Die Verfassung ist kein Verwaltungszauberglücksspiel
Zur Wiederbelebung des unbeschränkten/barrierefreien Grundrechts auf Zugang zu funktionierender Justiz
🛡️ WER ICH BIN – UND WARUM ICH HANDELE
Ein Positionsvorwort zum Manifest von Alexander Emil Schröpfer
Ich bin kein Funktionsträger, kein Angestellter eines Apparates. Ich bin ein Mensch, der erlebt hat, was es bedeutet, wenn Recht kein Zuhause mehr hat – und der seither nicht mehr bereit ist, darüber zu schweigen.
Gemeinsam mit einem kleinen Team aus Betroffenen und engagierten Mitstreiter:innen setze ich mich seit Jahren für Verfassungsrecht, Menschenwürde und den Zugang zu funktionierender Justiz ein – insbesondere in Bereichen, in denen das System schweigt:
- Existenzsicherung,
- familiengerichtlicher Kinderschutz,
- Rechtsschutz gegen Verwaltungswillkür.
Meine Arbeit ist ehrenamtlich, unabhängig, verfassungsbasiert – getragen von Artikel 1 des Grundgesetzes, den Grundrechten der EU, der EMRK und der UN-Erklärung über Menschenrechtsverteidiger (A/RES/53/144).
Ich nenne mich Menschenrechtverteidiger nicht, weil es auf einem Schild steht, sondern weil es das Letzte ist, was bleibt, wenn der Weg durch die Instanzen versagt. Dieses Manifest ist kein juristischer Text.
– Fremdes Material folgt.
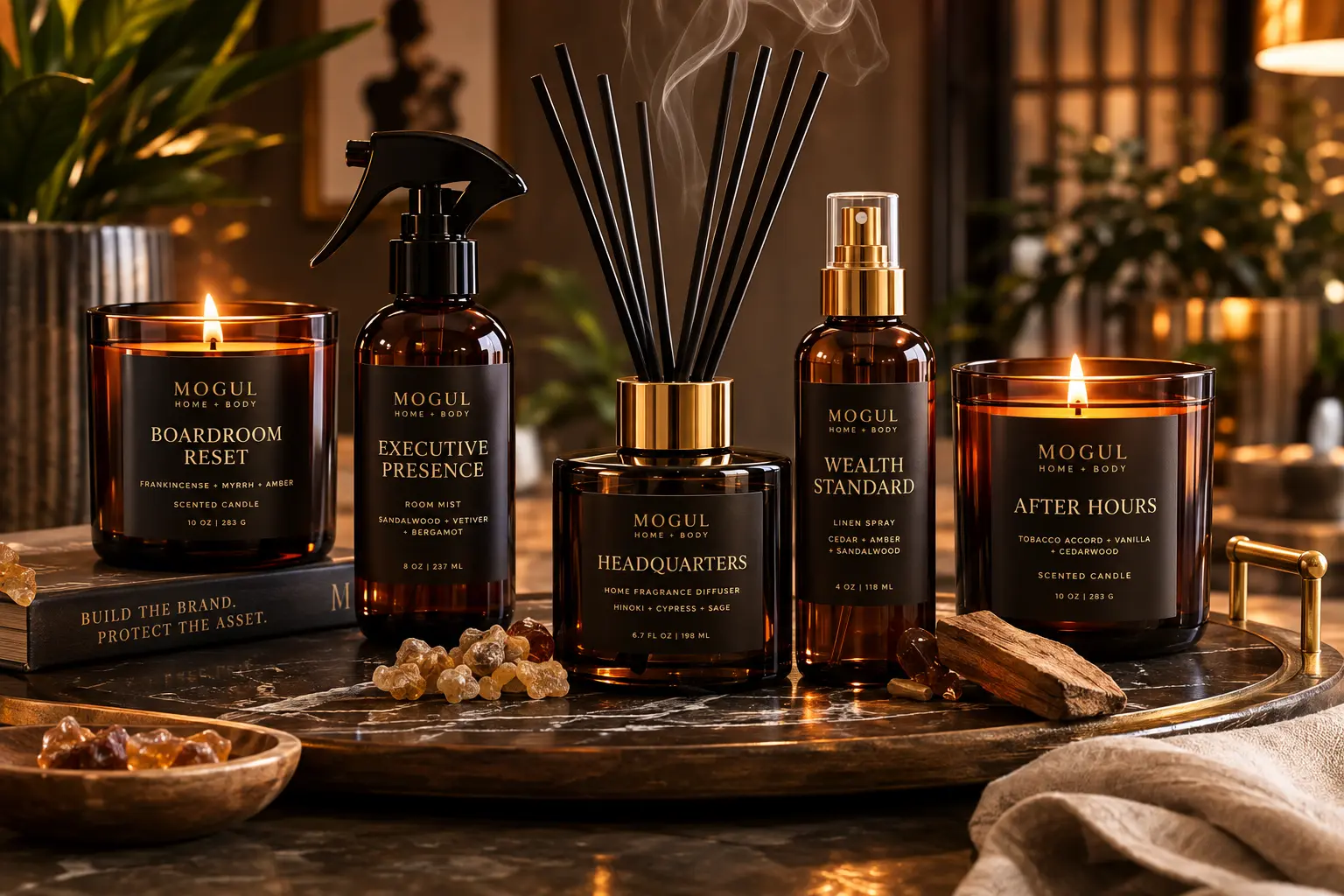 Executive Presence Room Mist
Es ist eine Mahnung.
📜 MANIFEST
Die Verfassung ist kein Verwaltungszauberglücksspiel
Zur Wiederbelebung des unbeschränkten/barrierefreien Grundrechts auf Zugang zu funktionierender Justiz
Verfasst von:
Alexander Emil Schröpfer
Dipl.-Ing. (Univ.),
Oberstleutnant d.R.
Sankt Margarethen · Juli 2025
„Das Recht darf nicht der Sprache der Macht gehorchen, sondern dem Ruf der Gerechtigkeit.“
– A. E. Schröpfer
1. Präambel – In eigener Angelegenheit. Und in allgemeiner
Ich schreibe diesen Text nicht als Jurist, aber gerade nicht weniger als aus juristischer Notwendigkeit. Denn was nützt ein Rechtsstaat, dessen Zugang denen versperrt bleibt, die keine Lobby, keine Kraft mehr und zudem kein Geld für Anwälte haben – aber dennoch ein verfassungsrechtlich verbrieftes Recht auf Gerechtigkeit?
Ich schreibe ihn als jemand, der das Grundgesetz nicht zitiert, um zu brillieren, sondern um daran zu erinnern, dass es existiert und weiterhin gilt.
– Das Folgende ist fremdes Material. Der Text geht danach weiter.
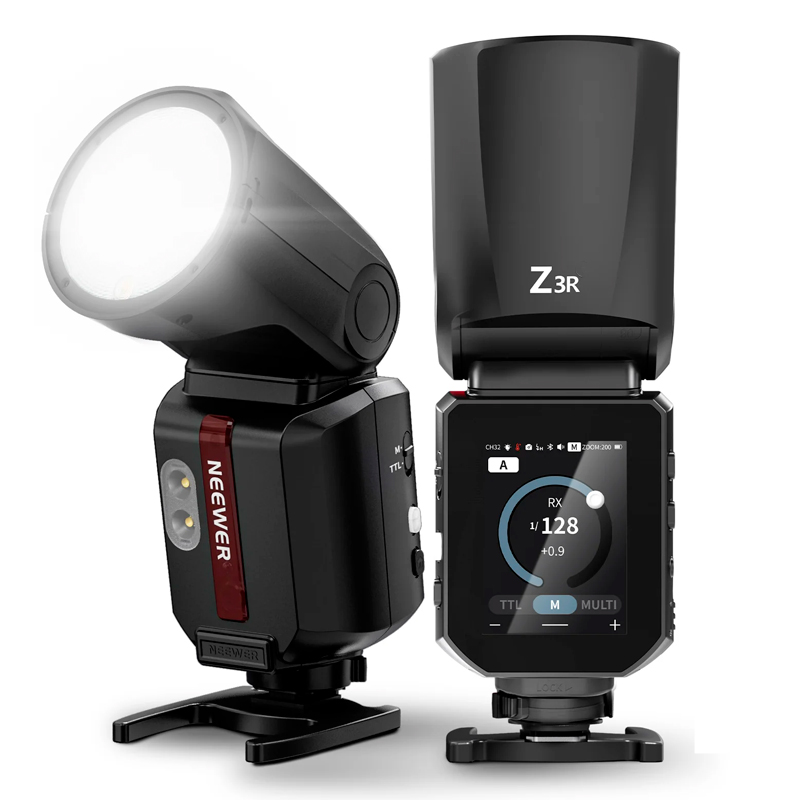 NEEWER Z3R TTL blesk pre Canon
2. Die Hürde aus Papier – Anwaltszwang als Türsteher zum/vorm Recht
Wenn Prozessrechte nur dann gelten bzw. wirksam werden können, wenn sie ein Rechtsanwalt vorträgt, dann ist das Recht kein Allgemeingut mehr, sondern eine Lizenzpflicht – ein formaler Zugriffsschutz auf ein universelles Recht.
§ 172 Abs. 3 StPO schreibt einen Anwaltszwang (besser: eine Anwaltsbenutzung) vor. Das mag für die Meisten ausreichend sein. Doch was ist, wenn kein Anwalt bereit ist, diesen Schritt zu gehen?
Wenn dafür die Prozesskostenhilfe verweigert wird? Was, wenn ein schwerbehinderter Mensch, entwurzelt durch strukturelle Gewalt, alleine dasteht – und zu diesem dann auch noch sein Schriftsatz zurückkommt mit dem Vermerk: „nicht unterschrieben durch einen Rechtsanwalt“?
Dann wird das Recht selbst zur Farce. Eine Reinschrift der Ohnmacht.
3. Der Grundsatz dieser Widersprüchlichkeit
Wer fordert, dass Recht nur über den Rechtsanwalt geltend gemacht werden darf und gleichzeitig verweigert, dass dieser bzw. die Mittel dazu beigestellt werden, der betreibt juristisch „doppelte Buchführung“. Die Verfassung kennt das Wort „Unzulässigkeit“ nicht. Sie entlarvt dieses Verhalten als Richterentzug und Rechtsschutzvereitelung.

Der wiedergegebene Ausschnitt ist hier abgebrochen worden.